→ TASK TO COMPLETE
Without skipping a line, reproduce the entries exactly.

━━━━━━━━

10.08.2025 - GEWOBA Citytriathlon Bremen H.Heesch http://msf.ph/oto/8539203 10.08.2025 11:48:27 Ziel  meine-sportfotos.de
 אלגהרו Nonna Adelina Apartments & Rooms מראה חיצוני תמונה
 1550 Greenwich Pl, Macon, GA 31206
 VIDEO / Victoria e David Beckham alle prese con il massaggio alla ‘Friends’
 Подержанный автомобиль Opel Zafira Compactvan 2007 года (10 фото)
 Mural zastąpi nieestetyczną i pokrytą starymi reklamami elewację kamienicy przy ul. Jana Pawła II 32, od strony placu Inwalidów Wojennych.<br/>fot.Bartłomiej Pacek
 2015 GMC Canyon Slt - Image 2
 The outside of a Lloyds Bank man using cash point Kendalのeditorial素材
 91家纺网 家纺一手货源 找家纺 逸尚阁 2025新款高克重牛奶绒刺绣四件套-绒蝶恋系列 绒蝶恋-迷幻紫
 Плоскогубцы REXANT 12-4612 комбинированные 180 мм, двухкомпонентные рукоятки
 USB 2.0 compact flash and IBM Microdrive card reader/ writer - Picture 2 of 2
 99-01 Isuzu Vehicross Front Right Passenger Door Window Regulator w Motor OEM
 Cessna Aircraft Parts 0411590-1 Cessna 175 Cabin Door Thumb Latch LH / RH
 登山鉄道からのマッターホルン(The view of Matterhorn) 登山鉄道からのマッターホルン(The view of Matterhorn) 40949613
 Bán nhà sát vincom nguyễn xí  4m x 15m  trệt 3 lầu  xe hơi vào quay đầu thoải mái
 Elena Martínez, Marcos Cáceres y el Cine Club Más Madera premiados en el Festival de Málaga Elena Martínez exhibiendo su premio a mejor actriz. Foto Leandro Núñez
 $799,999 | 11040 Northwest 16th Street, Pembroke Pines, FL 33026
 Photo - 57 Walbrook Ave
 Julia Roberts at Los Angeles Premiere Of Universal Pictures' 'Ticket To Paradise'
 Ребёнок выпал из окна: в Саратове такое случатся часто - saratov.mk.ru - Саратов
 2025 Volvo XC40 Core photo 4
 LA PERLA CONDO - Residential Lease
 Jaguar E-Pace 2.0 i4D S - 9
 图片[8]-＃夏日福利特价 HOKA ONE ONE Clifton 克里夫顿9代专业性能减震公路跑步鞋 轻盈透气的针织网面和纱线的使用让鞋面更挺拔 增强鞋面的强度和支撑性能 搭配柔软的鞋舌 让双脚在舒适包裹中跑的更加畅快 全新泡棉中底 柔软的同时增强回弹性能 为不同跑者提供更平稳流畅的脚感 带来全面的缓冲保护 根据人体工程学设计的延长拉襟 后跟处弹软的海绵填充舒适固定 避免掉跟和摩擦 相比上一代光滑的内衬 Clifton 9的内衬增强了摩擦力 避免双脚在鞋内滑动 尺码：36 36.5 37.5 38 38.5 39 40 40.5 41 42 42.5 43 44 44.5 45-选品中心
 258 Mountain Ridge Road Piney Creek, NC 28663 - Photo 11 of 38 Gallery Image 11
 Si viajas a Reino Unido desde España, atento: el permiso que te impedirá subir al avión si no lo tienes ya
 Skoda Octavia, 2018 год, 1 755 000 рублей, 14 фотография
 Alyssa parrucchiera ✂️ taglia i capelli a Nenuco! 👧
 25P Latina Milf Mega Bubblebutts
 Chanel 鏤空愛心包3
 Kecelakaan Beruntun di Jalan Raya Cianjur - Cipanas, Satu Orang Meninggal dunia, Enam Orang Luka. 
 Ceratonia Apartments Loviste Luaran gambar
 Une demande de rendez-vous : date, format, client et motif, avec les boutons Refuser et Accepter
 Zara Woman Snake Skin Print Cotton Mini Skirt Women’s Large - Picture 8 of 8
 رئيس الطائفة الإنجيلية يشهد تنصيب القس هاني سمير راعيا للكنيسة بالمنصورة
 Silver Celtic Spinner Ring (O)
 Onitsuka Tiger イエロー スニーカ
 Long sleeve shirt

━━━━━━━━

→ ANSWER TO THE PROBLEM
10.08.2025 - GEWOBA Citytriathlon Bremen H.Heesch http://msf.ph/oto/8539203 10.08.2025 11:48:27 Ziel  meine-sportfotos.de
 אלגהרו Nonna Adelina Apartments & Rooms מראה חיצוני תמונה
 1550 Greenwich Pl, Macon, GA 31206
 VIDEO / Victoria e David Beckham alle prese con il massaggio alla ‘Friends’
 Подержанный автомобиль Opel Zafira Compactvan 2007 года (10 фото)
 Mural zastąpi nieestetyczną i pokrytą starymi reklamami elewację kamienicy przy ul. Jana Pawła II 32, od strony placu Inwalidów Wojennych.<br/>fot.Bartłomiej Pacek
 2015 GMC Canyon Slt - Image 2
 The outside of a Lloyds Bank man using cash point Kendalのeditorial素材
 91家纺网 家纺一手货源 找家纺 逸尚阁 2025新款高克重牛奶绒刺绣四件套-绒蝶恋系列 绒蝶恋-迷幻紫
 Плоскогубцы REXANT 12-4612 комбинированные 180 мм, двухкомпонентные рукоятки
 USB 2.0 compact flash and IBM Microdrive card reader/ writer - Picture 2 of 2
 99-01 Isuzu Vehicross Front Right Passenger Door Window Regulator w Motor OEM
 Cessna Aircraft Parts 0411590-1 Cessna 175 Cabin Door Thumb Latch LH / RH
 登山鉄道からのマッターホルン(The view of Matterhorn) 登山鉄道からのマッターホルン(The view of Matterhorn) 40949613
 Bán nhà sát vincom nguyễn xí  4m x 15m  trệt 3 lầu  xe hơi vào quay đầu thoải mái
 Elena Martínez, Marcos Cáceres y el Cine Club Más Madera premiados en el Festival de Málaga Elena Martínez exhibiendo su premio a mejor actriz. Foto Leandro Núñez
 $799,999 | 11040 Northwest 16th Street, Pembroke Pines, FL 33026
 Photo - 57 Walbrook Ave
 Julia Roberts at Los Angeles Premiere Of Universal Pictures' 'Ticket To Paradise'
 Ребёнок выпал из окна: в Саратове такое случатся часто - saratov.mk.ru - Саратов
 2025 Volvo XC40 Core photo 4
 LA PERLA CONDO - Residential Lease
 Jaguar E-Pace 2.0 i4D S - 9
 图片[8]-＃夏日福利特价 HOKA ONE ONE Clifton 克里夫顿9代专业性能减震公路跑步鞋 轻盈透气的针织网面和纱线的使用让鞋面更挺拔 增强鞋面的强度和支撑性能 搭配柔软的鞋舌 让双脚在舒适包裹中跑的更加畅快 全新泡棉中底 柔软的同时增强回弹性能 为不同跑者提供更平稳流畅的脚感 带来全面的缓冲保护 根据人体工程学设计的延长拉襟 后跟处弹软的海绵填充舒适固定 避免掉跟和摩擦 相比上一代光滑的内衬 Clifton 9的内衬增强了摩擦力 避免双脚在鞋内滑动 尺码：36 36.5 37.5 38 38.5 39 40 40.5 41 42 42.5 43 44 44.5 45-选品中心
 258 Mountain Ridge Road Piney Creek, NC 28663 - Photo 11 of 38 Gallery Image 11
 Si viajas a Reino Unido desde España, atento: el permiso que te impedirá subir al avión si no lo tienes ya
 Skoda Octavia, 2018 год, 1 755 000 рублей, 14 фотография
 Alyssa parrucchiera ✂️ taglia i capelli a Nenuco! 👧
 25P Latina Milf Mega Bubblebutts
 Chanel 鏤空愛心包3
 Kecelakaan Beruntun di Jalan Raya Cianjur - Cipanas, Satu Orang Meninggal dunia, Enam Orang Luka. 
 Ceratonia Apartments Loviste Luaran gambar
 Une demande de rendez-vous : date, format, client et motif, avec les boutons Refuser et Accepter
 Zara Woman Snake Skin Print Cotton Mini Skirt Women’s Large - Picture 8 of 8
 رئيس الطائفة الإنجيلية يشهد تنصيب القس هاني سمير راعيا للكنيسة بالمنصورة
 Silver Celtic Spinner Ring (O)
 Onitsuka Tiger イエロー スニーカ
 Long sleeve shirt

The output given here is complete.